Early music can seem intimidating, as imposing and immutable as a stone cathedral. The context for which much of it was written—liturgical ritual—is no longer a part of daily life for most. The music adheres to mathematical and technical principles, rather than sweeping listeners away with the pathos of Romantic repertoire. And the training required to play most period instruments is expensive, difficult, and time-consuming. Perhaps as a result, early music (usually defined as Western European music written before the death of Bach in 1750) is often viewed as a monolithic obstacle to surmount or a gleaming ideal on a pedestal.
These musty conceptions are exactly what some of today’s most innovative choral directors are seeking to topple. It helps that the voice is a much more accessible instrument than, say, the theorbo or the viola da gamba. A cappella early music in particular has spread beyond the domain of conservatory-trained professionals, and many community choruses regularly perform early pieces.
Inaccessible?
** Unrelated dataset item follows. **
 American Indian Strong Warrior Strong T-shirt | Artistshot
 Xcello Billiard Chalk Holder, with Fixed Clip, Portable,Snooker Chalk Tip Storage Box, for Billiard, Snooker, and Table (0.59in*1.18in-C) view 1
Actually, People “Get It”
The choral directors interviewed all agreed that early music is, in fact, warmly appreciated by their audiences. “A tremendous amount of early music is a cappella,” says Kent Tritle, who helms ensembles such as the Oratorio Society of New York and Musica Sacra in addition to his duties as director of choral activities at Manhattan School of Music. Tritle has also directed the choral workshop program at the Amherst Early Music Festival, a one-week intensive for experienced volunteer singers. “What the human voice can do with monophony, polyphony, and antiphony has a magnetic way of touching people deeply. Early music, performed beautifully—people get it.”